When the Colorado National Guard arrived at the Broomfield Skilled Nursing and Rehabilitation Center on April 22 to test residents and staff for COVID-19, the facility for elderly Coloradans had yet to have any residents or staff show symptoms of the disease.
Days after the testing, the disease was spreading uncontrolled among residents who had tested negative at the event. There are now 49 lab-confirmed cases at the facility and seven residents have died of complications from the virus.
Now, the state health department has begun to question whether the two events are related and if the testing actually triggered the outbreak.
“Two things can be true and be unrelated at the same time,” said Eric France, chief medical officer for the Colorado Department of Health and Environment. “You had a situation where we came in with the National Guard, they did this testing, and in the days following there were a lot of cases that occurred and expanded. It does require a pause and a look at the processes to be sure.”
Four residents and staff members who initially tested negative for COVID-19 on April 22 became symptomatic five days later. By May 2 an additional 18 residents and staff who had tested negative at the National Guard testing event had tested positive.
Though they do not have enough epidemiological evidence to determine whether the testing event caused the outbreak, CDPHE said specialists are reviewing ways to minimize contact among residents and staff at future testing sites.
The testing at the facility was part of an ongoing outbreak prevention effort by the state health department after a surge in infections and deaths among nursing home residents. In an email, a CDPHE spokesperson said that for future testing events, the agency has reduced the size of teams sent to care facilities.

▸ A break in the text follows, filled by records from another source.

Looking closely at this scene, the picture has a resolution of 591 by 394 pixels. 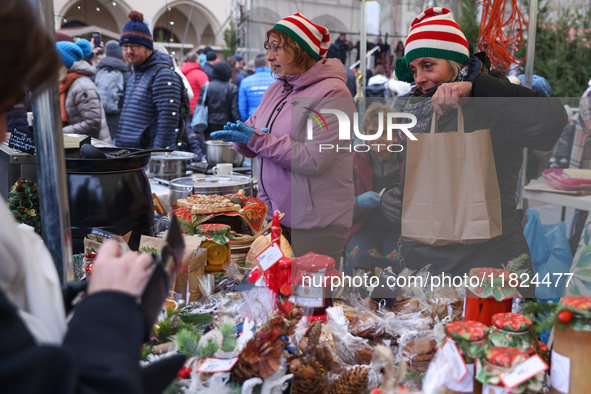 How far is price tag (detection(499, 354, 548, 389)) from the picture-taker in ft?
3.32

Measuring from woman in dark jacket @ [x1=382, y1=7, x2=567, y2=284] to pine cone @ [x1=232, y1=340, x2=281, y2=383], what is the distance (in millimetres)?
763

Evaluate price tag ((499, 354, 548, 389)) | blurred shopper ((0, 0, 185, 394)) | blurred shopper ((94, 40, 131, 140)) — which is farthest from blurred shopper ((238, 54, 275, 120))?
blurred shopper ((0, 0, 185, 394))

Instead of a full testing team, the agency now sends teams of about 15 which advise the facility’s medical staff on how to test staff and residents themselves. The new strategy also allows CDPHE to test more facilities simultaneously. According to France, CDPHE has so far conducted more than 3,000 tests on asymptomatic staff and residents at 13 elder-care facilities.
The National Guard, Broomfield Public Health and Broomfield Mayor Patrick Quinn declined to comment and referred questions to CDPHE.

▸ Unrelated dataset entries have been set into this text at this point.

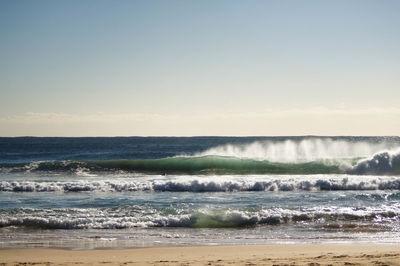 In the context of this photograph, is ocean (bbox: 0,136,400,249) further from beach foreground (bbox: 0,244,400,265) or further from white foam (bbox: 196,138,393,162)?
white foam (bbox: 196,138,393,162)

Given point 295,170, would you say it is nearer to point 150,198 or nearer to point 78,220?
point 150,198

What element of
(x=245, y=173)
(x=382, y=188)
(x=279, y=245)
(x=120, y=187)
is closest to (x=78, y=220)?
(x=279, y=245)

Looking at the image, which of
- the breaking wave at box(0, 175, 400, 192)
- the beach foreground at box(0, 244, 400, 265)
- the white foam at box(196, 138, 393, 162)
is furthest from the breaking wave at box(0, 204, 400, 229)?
the white foam at box(196, 138, 393, 162)

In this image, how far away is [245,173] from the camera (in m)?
24.7

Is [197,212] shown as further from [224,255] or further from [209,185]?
[209,185]

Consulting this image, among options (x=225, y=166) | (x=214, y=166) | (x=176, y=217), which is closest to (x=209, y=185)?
(x=176, y=217)

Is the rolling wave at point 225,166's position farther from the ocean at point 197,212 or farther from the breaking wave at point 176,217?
the breaking wave at point 176,217

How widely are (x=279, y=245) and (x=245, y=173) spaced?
616 inches

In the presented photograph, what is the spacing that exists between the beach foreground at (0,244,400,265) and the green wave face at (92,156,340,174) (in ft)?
53.1

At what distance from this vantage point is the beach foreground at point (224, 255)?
23.7 ft

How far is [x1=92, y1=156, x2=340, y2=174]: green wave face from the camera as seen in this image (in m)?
25.2

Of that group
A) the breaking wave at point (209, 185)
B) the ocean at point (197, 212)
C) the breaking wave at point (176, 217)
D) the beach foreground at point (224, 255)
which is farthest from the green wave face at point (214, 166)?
the beach foreground at point (224, 255)

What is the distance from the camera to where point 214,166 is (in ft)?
88.9

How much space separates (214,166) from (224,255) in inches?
751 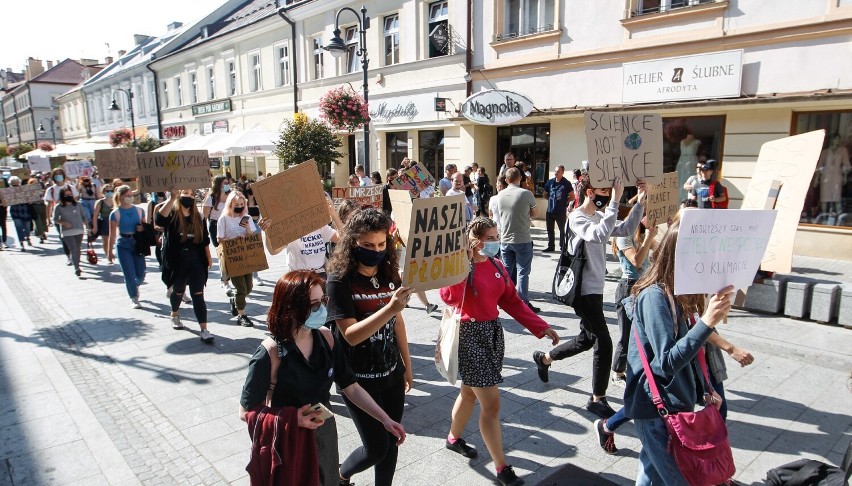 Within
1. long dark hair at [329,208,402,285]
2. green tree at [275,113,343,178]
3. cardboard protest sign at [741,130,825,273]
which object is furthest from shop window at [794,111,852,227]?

France said he did not have details on exactly how procedures used in the Broomfield testing could have possibly spread the disease. Based on the new procedures, it’s likely that officials suspect person-to-person contact — either among nursing home staff and residents or testers — as the possible cause.
Administrators with the nursing facility also declined to comment. Sean Duffy, a spokesman for the facility said, “we were totally supportive of the testing and the National Guard.”

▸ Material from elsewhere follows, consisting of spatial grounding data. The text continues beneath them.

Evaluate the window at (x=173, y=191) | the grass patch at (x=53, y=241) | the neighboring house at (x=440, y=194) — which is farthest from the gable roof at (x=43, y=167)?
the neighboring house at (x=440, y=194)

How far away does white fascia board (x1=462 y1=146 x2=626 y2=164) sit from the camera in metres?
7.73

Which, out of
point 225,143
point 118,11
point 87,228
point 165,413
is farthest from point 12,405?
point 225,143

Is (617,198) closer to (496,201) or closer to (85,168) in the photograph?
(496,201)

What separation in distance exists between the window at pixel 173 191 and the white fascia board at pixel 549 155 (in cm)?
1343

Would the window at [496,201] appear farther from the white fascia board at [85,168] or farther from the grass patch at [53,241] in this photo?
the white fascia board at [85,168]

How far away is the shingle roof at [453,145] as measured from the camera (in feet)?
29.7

Nursing homes and other elder care facilities have been major hotspots for COVID-19 cases and deaths in Colorado. According to state outbreak data released Wednesday, 651 residents in elder care facilities have died with a confirmed or suspected case of COVID-19, that’s 61 percent of the state’s total deaths.
There are 6,083 suspected or confirmed cases among staff and residents in elder care facilities. At a Broomfield City Council meeting on Tuesday, Jason Vahling, the city and county public health director, reported that 18 of the county’s 21 COVID-19 deaths have occurred among residents of elder care facilities.
Expanding preventative testing at facilities without known outbreaks has become a priority for the state’s Residential Care task force. CDPHE plans to continue asymptomatic testing at large facilities without known outbreaks with the goal of stopping outbreaks before they start.
Since the beginning of the outbreak, more than 400 National Guard members have mobilized to assist the state with its emergency response. A group of nearly 70 specially trained guardsmen from the Chemical, Biological, Radiological, Nuclear and high-yield explosive Enhanced Response Force have conducted the testing in long-term care facilities.
“Our Colorado National Guard warriors are trained and equipped to fight the war on COVID-19,” said U.S. Air Force Maj. Gen Mike Loh, in a release that announced the testing at the Broomfield facility and two others. “They are providing necessary capability and capacity to help our local and state partners to save lives in senior care facilities across our state.”
CDPHE is also contracting with Colorado State University to test workers and residents in 25 facilities on a weekly basis. Over the two-month contract, the university will perform 45,000 tests.
In the coming months, the state hopes to expand this testing even further to a point where staff in nursing homes can be tested twice a week to ensure that asymptomatic carriers do not enter the facilities.
“I'm hopeful there will be a future where these tests will be very common — very easy, very cheap — and can be done routinely because it's only through high levels of testing that we can keep the virus out of these nursing homes,” said France.